6. Looking within looking without

[31] One possible semantic equivalent for 'narrative environment', then, is place, itself a polysemic term. If it is an ecological place, it is one supplemented by insights from cultural geography. One possible interpretation of place is context; and one possible interpretation of context is system, or systemic whole, an information, communication, exchange and control system. Since this system involves life or mind, it is an open system (Wilden, 1980: 203). Place, as open system, exhibits and enfolds information, order, organization and improbability. Within such cybernetic open systems, causality is non-linear and circulatory and, as discussed, for example, by Bale (1998), there is a hierarchy of contexts.

[32] Open systems are Janus-faced. As a whole, the system faces inward. It is concerned with maintaining its internal steady state through its dialogue with itself. As a sub-whole, a differential part of a larger whole, the system faces outward, responding to perceived differences in its environment, a meta-system, and differences communicated to it through pathways or networks of recursive circuitry within the larger system, in a potentially infinite regression of relevant contexts. In this way, open systems operate both intrinsically (as a whole) and extrinsically (as a part-whole). Context is never 'total', "never absolutely determinable", or rather "its determination is never certain or saturated" (Derrida, 1982: 310)

[33] As Bale expresses it, a context is a non-substantial phenomenon, functioning like a map or a model. It is a recognition of the differences that make a difference within a set of relationships. Places are sets of interlocking processes and relationships, held in an ecological balance, which may be far from equilibrium, and which may be very precarious (Levin, 1997).

7. Volte face

[34] 'Narrative environment', then, unfolds as a series of metaphoric substitutions: place, context, system, model, map, and so on. Not only does the phrase 'narrative environment' not have a single, literal, 'proper' meaning, i.e. as noted, it is polysemic and paradoxical, but also it does not just describe or represent something but does something; it is performative.

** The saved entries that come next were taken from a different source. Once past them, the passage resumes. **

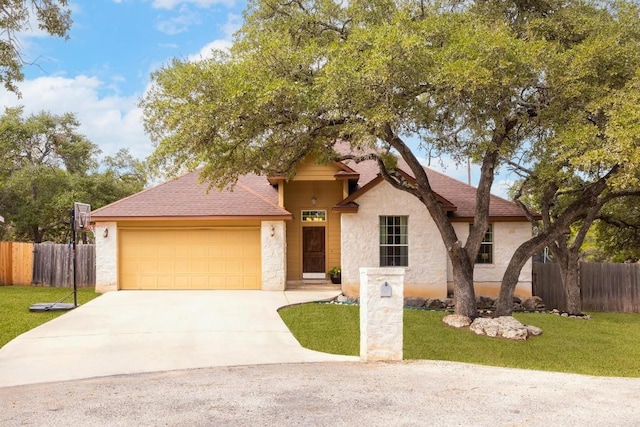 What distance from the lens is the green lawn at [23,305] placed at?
11133 mm

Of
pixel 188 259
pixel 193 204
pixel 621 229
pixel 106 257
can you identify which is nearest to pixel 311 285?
pixel 188 259

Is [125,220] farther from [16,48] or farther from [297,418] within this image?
[297,418]

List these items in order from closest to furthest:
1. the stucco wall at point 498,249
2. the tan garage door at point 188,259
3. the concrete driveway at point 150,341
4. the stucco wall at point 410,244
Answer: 1. the concrete driveway at point 150,341
2. the stucco wall at point 410,244
3. the tan garage door at point 188,259
4. the stucco wall at point 498,249

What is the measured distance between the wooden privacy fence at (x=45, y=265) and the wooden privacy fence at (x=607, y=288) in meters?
16.9

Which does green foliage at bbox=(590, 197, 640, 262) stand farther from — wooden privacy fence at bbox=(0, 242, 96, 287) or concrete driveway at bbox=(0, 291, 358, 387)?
wooden privacy fence at bbox=(0, 242, 96, 287)

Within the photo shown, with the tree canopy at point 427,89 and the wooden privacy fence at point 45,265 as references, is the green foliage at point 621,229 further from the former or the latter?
the wooden privacy fence at point 45,265

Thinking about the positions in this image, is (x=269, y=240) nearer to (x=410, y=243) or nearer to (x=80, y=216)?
(x=410, y=243)

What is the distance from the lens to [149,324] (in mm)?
11805

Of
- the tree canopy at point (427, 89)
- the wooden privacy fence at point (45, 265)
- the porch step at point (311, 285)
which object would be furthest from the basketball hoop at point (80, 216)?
the porch step at point (311, 285)

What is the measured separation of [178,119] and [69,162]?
21.7 meters

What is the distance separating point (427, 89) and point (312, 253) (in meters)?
9.09

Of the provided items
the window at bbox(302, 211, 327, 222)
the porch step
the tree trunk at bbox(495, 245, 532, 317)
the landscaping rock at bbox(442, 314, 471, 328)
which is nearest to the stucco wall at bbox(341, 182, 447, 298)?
the porch step

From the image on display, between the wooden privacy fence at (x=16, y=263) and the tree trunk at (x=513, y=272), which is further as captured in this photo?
the wooden privacy fence at (x=16, y=263)

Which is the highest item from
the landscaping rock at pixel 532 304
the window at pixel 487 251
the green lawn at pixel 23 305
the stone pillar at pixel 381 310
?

For example, it is not just 'a place' but also actively 'places' or 'puts in place', intrinsically and extrinsically; it is not just 'a system' but also 'systematizes', or organises; it is not just 'a context' but also 'contextualizes', or makes present through relating; it is not just 'a model' but also 'models'; it is not just 'a map' but also 'maps'. That is one of the ways in which its duality, its paradoxical, Janus-faced character is realised.

[35] In other words, narrative environments are not just sets of representations (signs), however polysemous or paradoxical, but also sets of performatives (acts); they are signs-acts [13]. Further, their form of action is reflexive: they bring into existence the signs/signatures that they sign, the events they enact; the contexts they environ. They are reflexive signs-acts-contexts, generative fields, that take place in the world and are of the world; they are not apart from the world.

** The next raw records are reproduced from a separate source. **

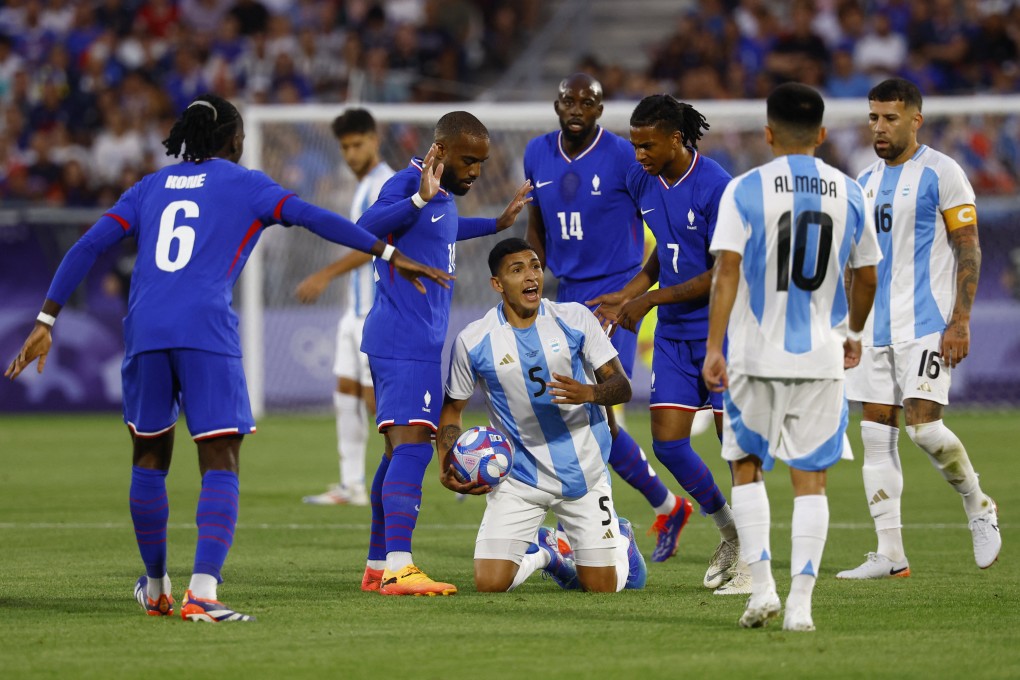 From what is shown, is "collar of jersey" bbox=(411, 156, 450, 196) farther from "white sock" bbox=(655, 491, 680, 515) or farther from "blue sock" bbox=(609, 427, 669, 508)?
"white sock" bbox=(655, 491, 680, 515)

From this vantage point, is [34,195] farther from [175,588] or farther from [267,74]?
[175,588]

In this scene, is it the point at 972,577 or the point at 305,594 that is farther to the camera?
the point at 972,577

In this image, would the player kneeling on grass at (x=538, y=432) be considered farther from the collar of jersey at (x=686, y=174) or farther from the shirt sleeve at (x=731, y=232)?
the shirt sleeve at (x=731, y=232)

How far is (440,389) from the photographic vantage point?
7.63m

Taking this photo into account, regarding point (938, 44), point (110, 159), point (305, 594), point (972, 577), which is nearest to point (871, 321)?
point (972, 577)

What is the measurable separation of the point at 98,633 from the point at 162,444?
857mm

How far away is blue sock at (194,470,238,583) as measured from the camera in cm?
637

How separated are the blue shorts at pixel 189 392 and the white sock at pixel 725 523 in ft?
8.91

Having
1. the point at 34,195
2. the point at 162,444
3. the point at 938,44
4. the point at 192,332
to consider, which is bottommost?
the point at 162,444

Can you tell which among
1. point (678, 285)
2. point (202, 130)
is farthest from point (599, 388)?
point (202, 130)

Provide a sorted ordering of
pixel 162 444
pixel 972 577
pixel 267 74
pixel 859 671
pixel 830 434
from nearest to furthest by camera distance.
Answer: pixel 859 671
pixel 830 434
pixel 162 444
pixel 972 577
pixel 267 74

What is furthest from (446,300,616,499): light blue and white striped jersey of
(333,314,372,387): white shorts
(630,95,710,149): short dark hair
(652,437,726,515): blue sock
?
(333,314,372,387): white shorts

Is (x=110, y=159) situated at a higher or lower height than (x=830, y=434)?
higher

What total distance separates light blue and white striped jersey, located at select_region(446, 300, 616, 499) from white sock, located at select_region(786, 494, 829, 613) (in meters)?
1.72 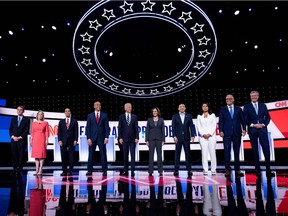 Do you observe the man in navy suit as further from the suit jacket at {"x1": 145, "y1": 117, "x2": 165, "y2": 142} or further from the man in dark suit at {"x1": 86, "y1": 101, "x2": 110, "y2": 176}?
the man in dark suit at {"x1": 86, "y1": 101, "x2": 110, "y2": 176}

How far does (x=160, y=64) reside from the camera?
896cm

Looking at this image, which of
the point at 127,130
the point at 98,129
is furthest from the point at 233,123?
the point at 98,129

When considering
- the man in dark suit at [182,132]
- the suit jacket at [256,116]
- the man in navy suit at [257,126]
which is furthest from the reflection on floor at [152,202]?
the man in dark suit at [182,132]

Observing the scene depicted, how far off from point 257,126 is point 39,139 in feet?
13.4

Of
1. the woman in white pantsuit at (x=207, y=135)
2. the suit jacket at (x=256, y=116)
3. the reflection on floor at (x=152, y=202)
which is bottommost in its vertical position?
the reflection on floor at (x=152, y=202)

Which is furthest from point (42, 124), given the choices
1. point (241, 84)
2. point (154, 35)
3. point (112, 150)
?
point (241, 84)

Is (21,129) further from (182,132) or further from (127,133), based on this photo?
(182,132)

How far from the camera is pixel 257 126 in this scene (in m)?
4.87

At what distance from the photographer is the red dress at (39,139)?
540 centimetres

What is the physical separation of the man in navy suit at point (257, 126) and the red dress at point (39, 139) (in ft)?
12.7

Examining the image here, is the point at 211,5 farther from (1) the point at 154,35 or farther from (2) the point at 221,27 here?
(1) the point at 154,35

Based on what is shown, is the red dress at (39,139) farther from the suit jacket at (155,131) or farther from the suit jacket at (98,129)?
the suit jacket at (155,131)

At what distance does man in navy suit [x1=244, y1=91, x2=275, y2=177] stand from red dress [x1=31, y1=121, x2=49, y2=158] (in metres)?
3.87

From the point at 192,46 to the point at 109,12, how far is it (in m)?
2.47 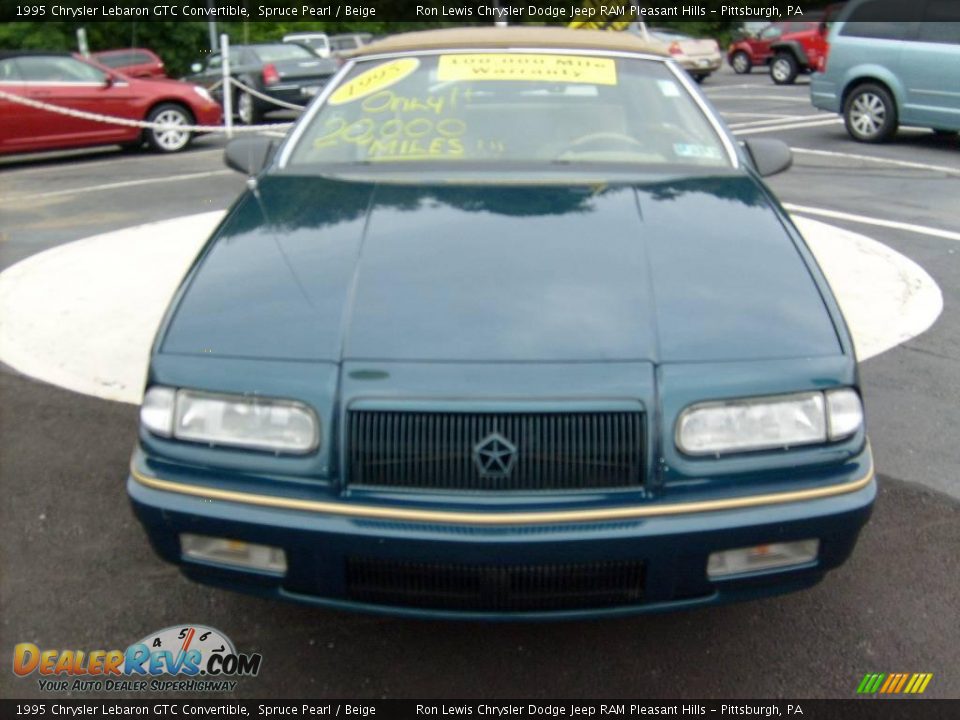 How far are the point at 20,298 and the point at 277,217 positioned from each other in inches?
143

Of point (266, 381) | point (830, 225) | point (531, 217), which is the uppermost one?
point (531, 217)

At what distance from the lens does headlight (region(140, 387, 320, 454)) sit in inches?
92.6

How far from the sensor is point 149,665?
8.92 ft

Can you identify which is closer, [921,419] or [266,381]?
[266,381]

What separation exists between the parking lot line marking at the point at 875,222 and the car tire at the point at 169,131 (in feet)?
26.6

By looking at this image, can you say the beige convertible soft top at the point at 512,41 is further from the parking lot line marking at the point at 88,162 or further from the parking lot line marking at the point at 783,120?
the parking lot line marking at the point at 783,120

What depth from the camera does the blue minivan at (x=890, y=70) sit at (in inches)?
433

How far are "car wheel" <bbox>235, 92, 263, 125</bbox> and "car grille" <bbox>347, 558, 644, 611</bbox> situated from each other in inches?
615

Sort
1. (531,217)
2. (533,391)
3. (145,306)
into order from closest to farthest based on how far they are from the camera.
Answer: (533,391) < (531,217) < (145,306)

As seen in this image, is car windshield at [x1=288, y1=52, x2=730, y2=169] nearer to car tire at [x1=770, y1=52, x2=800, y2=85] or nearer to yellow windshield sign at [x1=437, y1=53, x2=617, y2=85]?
yellow windshield sign at [x1=437, y1=53, x2=617, y2=85]

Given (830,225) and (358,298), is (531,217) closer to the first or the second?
(358,298)

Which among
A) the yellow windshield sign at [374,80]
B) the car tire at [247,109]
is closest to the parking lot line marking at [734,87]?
the car tire at [247,109]

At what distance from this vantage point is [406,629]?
287 cm

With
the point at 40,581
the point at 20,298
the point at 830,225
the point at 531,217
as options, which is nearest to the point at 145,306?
the point at 20,298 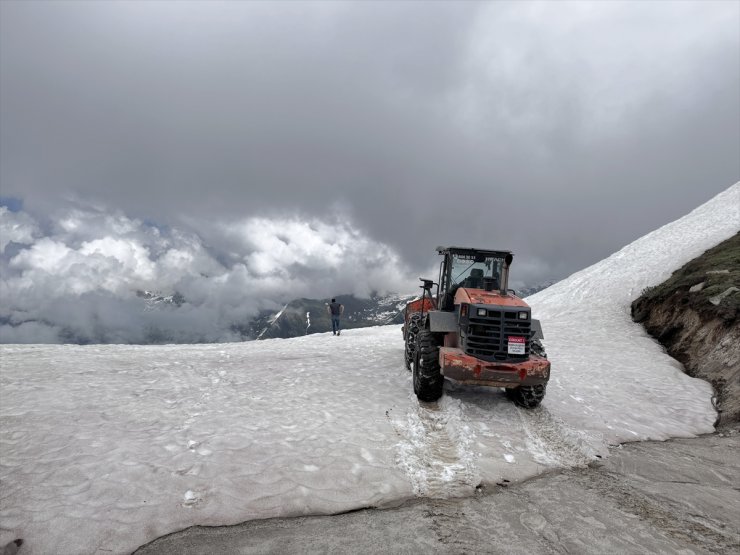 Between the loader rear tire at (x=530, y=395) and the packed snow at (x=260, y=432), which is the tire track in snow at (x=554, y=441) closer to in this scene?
the packed snow at (x=260, y=432)

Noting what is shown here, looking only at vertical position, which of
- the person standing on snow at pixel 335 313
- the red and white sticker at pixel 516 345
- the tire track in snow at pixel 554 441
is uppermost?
the person standing on snow at pixel 335 313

[36] The word performative is not just ambiguous; it is originary, promethean and pandoran in its creativity and productivity. The word performative is performative: it does what it says, but what does it say?

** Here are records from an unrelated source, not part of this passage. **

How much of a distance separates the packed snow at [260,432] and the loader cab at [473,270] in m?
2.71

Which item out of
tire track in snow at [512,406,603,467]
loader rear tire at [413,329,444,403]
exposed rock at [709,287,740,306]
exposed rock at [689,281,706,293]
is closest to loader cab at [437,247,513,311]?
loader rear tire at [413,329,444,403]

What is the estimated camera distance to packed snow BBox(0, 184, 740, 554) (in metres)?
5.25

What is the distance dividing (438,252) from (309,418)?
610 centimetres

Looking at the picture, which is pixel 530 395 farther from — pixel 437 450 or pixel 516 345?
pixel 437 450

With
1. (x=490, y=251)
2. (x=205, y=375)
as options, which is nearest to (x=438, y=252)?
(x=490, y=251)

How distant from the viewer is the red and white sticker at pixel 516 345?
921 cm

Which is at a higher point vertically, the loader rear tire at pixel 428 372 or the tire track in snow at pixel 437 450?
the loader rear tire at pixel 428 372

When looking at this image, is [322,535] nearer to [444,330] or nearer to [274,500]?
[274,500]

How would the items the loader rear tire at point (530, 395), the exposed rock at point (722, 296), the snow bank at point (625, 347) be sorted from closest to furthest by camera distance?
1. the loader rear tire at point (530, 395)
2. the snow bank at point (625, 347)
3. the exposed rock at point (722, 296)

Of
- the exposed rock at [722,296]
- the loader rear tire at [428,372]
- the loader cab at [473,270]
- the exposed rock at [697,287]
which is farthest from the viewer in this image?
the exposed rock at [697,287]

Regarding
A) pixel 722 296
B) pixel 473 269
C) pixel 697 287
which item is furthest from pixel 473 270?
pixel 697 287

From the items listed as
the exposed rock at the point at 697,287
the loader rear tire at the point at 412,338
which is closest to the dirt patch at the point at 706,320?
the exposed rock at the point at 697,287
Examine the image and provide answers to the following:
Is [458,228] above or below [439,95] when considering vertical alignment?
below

[37] In the sense outlined by J. L. Austin, the performative is limited to conventional performances in ordinary circumstances, themselves part of a conjectured but admittedly impossible 'total context'. In this frame, performative (doing something while saying something) is contrasted with constative (stating something about the world that may be true or false). In this Austinian sense, a speech act brings into existence what it purports to describe, but what it brings into existence is conventional, proper, already recognisable and well understood, by those doing and hearing the speech act: the appropriate words are uttered, by the appropriate persons, in the appropriate order, with the appropriate intentions, to the appropriate others, under the appropriate circumstances. The examples Austin uses highlight this conventionality, bordering on rituality. They include, for example, the wedding vow and the naming of a ship. Thus, while the performative act in the Austinian sense does something, it does so as an act of repetition, an act that is already citational, in Derrida's terms. While in some sense constructivist, in as far as a performative utterance does not describe something which exists outside and before language, the contextual situation that it produces is recognisable as one that is structurally the same as others that have gone before.

[38] Derrida radicalises Austin's insights when he argues that,

"Every sign, linguistic, spoken or written (in the usual sense of this opposition), as a small or large unity, can be cited, put between quotation marks; thereby it can break with every given context, and engender infinitely new contexts in an absolutely nonsaturable fashion. This does not suppose that the mark is valid outside its context, but on the contrary that there are only contexts without any center of absolute anchoring. This citationality, duplication, or duplicity, this iterability of the mark is not an accident or an anomaly, but is that (normal/abnormal) without which a mark could no longer even have a so-called 'normal' functioning." (Derrida, 1982: 320)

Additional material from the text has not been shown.